# french cleat system with locking mechanism?



## manfred50 (Nov 29, 2011)

Hello from Austria,
may I kindly ask for your advise.

Currently I am updating my retail shop.
I would like to make a display shelf wall based on the idea of the "french cleat" technic.
That would give my flexibility in arrangement and a uptodate look.
My fear is only if someone, unintentionally, pushes the shelf it might easily come off and fall on the ground and could hurt someone.

Now my question: Does anyone know a way to lock the shelfs in place?
It should be, if possible, without any additional screws, in order to avoid ugly screwholes and for optical reasons as invisible as possible.

That is a hard one, right? Any suggestion is welcome.
Many thanks in advance


----------



## Alchymist (Jan 2, 2011)

A single trim head screw in the center of the shelf to the stationary cleat should be sufficient, and not real noticeable.


----------



## manfred50 (Nov 29, 2011)

Hi there again,
in the meantime I found a similar system, called the "*hook-and-slat*" system, explained on www.americanwoodworker.com, by Jock Holmen.
I believe that one is more secure and fits my needs.
Any other proposal is welcome.
Thanks a lot,
Manfred


----------



## manfred50 (Nov 29, 2011)

Hello and many thanks for your suggestion.
I agree with you one small screw would not be very noticeable, if you fix it once and leave it, but
as we will rearrange the display wall almost every two weeks (retail shop) it will not take long and the wall looks ugly. Especially bad because it will be visible in eye-height of customer.
Sorry, but grateful for your efforts. Thanks
Manfred
l


----------



## OldEd (Jan 14, 2014)

drill a hole through the upright portion of the shelving unit - the piece the shelf portion of the french cleat is attached to: drill this hole so that it will penetrate the wall portion of the FC, preferably below the 45 cut. Then place a piece of dowel through the hole - make it a snug-but-not-too-tight fit. This will lock the shelf to the cleat: the shelf won't be able to move side to side, nor will it be subject to lifting forces, yet by simply pulling out the dowel you'll be able to move and rearrange the shelves. This requires, of course, that all your cleats be made to the same dimensions, at least as far as the dowel hole goes.
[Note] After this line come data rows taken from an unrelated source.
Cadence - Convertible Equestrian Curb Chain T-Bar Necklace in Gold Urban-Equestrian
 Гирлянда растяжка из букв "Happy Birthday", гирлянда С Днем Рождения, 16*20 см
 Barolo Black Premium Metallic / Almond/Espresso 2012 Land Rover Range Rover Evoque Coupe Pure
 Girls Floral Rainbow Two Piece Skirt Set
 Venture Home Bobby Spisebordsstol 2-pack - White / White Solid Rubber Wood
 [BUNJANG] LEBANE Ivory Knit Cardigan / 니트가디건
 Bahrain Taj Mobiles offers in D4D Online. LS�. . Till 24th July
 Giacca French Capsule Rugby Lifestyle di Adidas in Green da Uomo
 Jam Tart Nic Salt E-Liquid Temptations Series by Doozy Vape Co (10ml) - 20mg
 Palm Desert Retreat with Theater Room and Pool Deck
There is another way, but this is a lot more work, and reverses the normal positioning of the two parts of the FC, and requires two full cleats - one mounted upside down with respect to the other.

It also requires that the shelf be installed by sliding the shelf in from the side, not by lowering it from above.


----------



## manfred50 (Nov 29, 2011)

Hello OldEd,
not only one, but two great solutions to my issue. 
Thank you so much for these clever ideas.
Greetings from Vienna,
Manfred


----------



## cabinetman (Jul 5, 2007)

If you're making a french cleat from wood, you won't likely need a locking mechanism. If you look at the size of the cleat parts, the long side of ¾" stock will be taller than 1" (after being cut on a 45° angle). So, with the height of the pieces being over an inch, you wouldn't likely use the cleat to install a ¾" shelf. The actual shelf would have to be thicker than that.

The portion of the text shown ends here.